• [GIVEN RECORDS]:
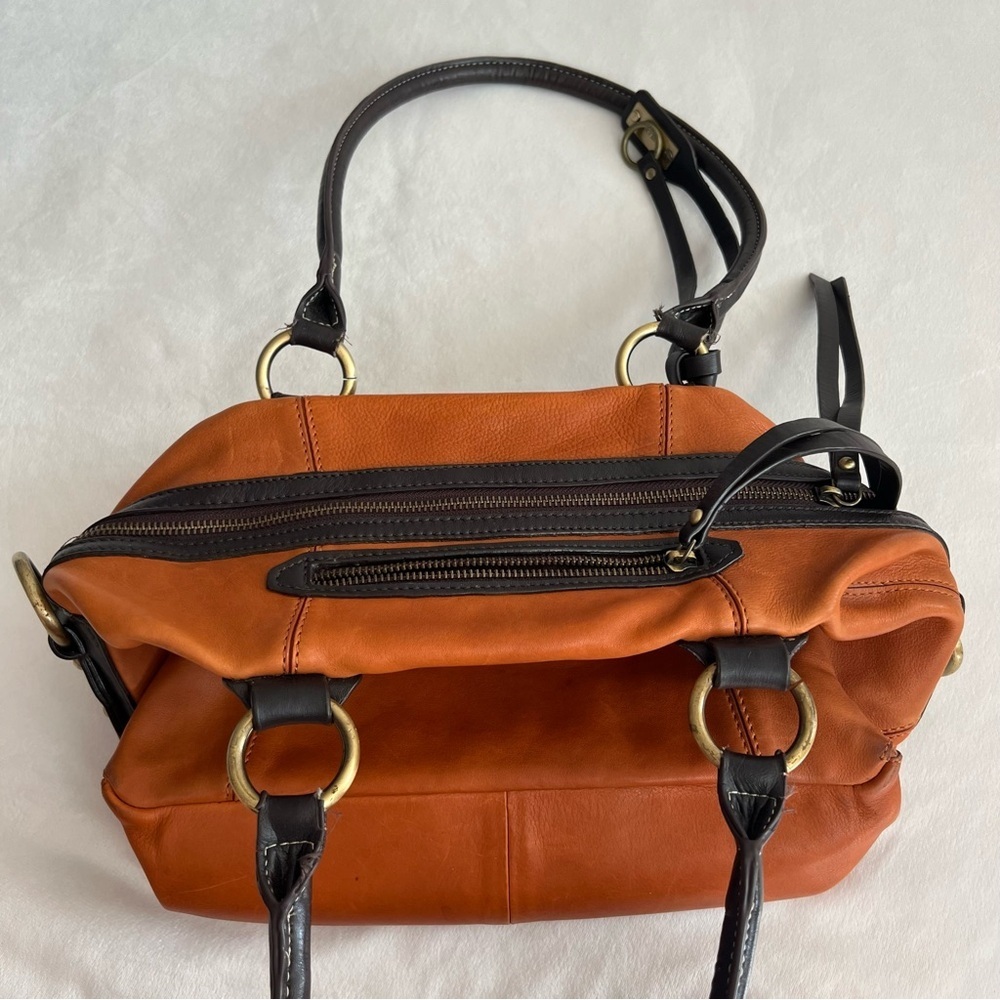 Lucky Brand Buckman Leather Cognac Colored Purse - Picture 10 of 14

* * *

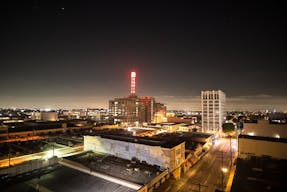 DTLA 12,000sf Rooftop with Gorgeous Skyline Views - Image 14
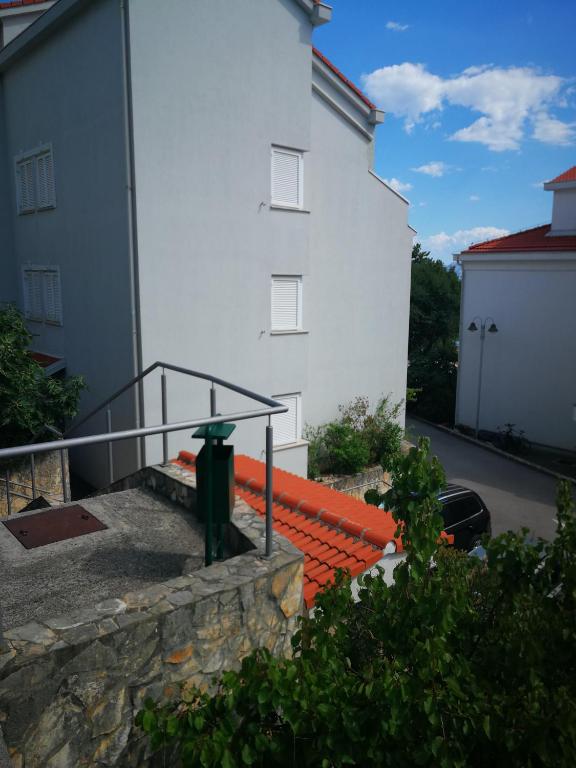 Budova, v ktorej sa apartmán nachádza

• [REQUIRED ACTION]:
Would you copy, word for word, only the lines above from the one containing "DTLA 12,000sf Rooftop" through the one containing "Budova, v ktorej sa apartmán nachádza", both included, and please leave out the pictures?

• [OUTPUT OF THE TASK]:
 DTLA 12,000sf Rooftop with Gorgeous Skyline Views - Image 14
 Budova, v ktorej sa apartmán nachádza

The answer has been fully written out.